Each time, he put the lines into the service of his contention that American liberties exist under fire from big government. And he said his fellow Republicans shared nearly equal responsibility with Democrats.
The libertarian from Kentucky, drawing many of the same unconventional Republicans who rallied for his father, Ron Paul, argued for a smaller government that meddles in people’s lives less.
“We must fight to restrain Big Brother,” he said to hoots from about 200 people who came for his mid-afternoon appearance at Drake University. “Will you stand together against the rising excess of government.”
Then he ran through one issue after the next where he thinks government needs to curb its powers: less tracking of cellphone records; scaled back enforcement of drug laws, especially where African-Americans experience disproportionate prosecution; elimination of the Federal Reserve Bank; and a smaller military.
“On the right, the call is for enlarging the military state,” Paul said. “On the left, the call is for enlarging the welfare state.”
He cited the political reaction to a mass shooting late last year in San Bernardino, Calif., by a radicalized Islamic couple and how that prompted Donald Trump to bar Muslims entry to country.
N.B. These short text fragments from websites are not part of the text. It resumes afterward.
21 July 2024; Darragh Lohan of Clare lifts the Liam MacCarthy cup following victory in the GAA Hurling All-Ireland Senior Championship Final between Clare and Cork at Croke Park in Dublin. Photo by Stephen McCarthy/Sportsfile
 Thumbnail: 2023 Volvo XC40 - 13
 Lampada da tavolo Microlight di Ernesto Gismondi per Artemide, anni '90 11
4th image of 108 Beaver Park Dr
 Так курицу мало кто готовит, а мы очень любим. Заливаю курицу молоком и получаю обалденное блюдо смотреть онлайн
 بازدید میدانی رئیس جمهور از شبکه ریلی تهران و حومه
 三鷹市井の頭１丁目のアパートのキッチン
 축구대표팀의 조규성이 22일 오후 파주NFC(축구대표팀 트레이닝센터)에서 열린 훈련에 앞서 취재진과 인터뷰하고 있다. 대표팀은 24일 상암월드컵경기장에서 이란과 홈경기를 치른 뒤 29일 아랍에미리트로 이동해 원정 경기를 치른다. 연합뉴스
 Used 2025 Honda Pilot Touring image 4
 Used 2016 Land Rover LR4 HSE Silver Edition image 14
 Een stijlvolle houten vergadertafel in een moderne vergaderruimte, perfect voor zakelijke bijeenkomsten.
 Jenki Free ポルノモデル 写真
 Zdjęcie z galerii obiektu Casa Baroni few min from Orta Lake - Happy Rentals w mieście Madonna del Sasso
“The left calls for more gun control,” he said. “The right calls for more people control.”
Paul has struggled in the polls throughout the pre-voting phase of the campaign, often drawing too little support to qualify for prime time debates.
On Thursday, however, he was set to be on the big stage with six others in the top tier. Donald Trump, the frontrunner, was skipping out over a fight with the Fox News Channel.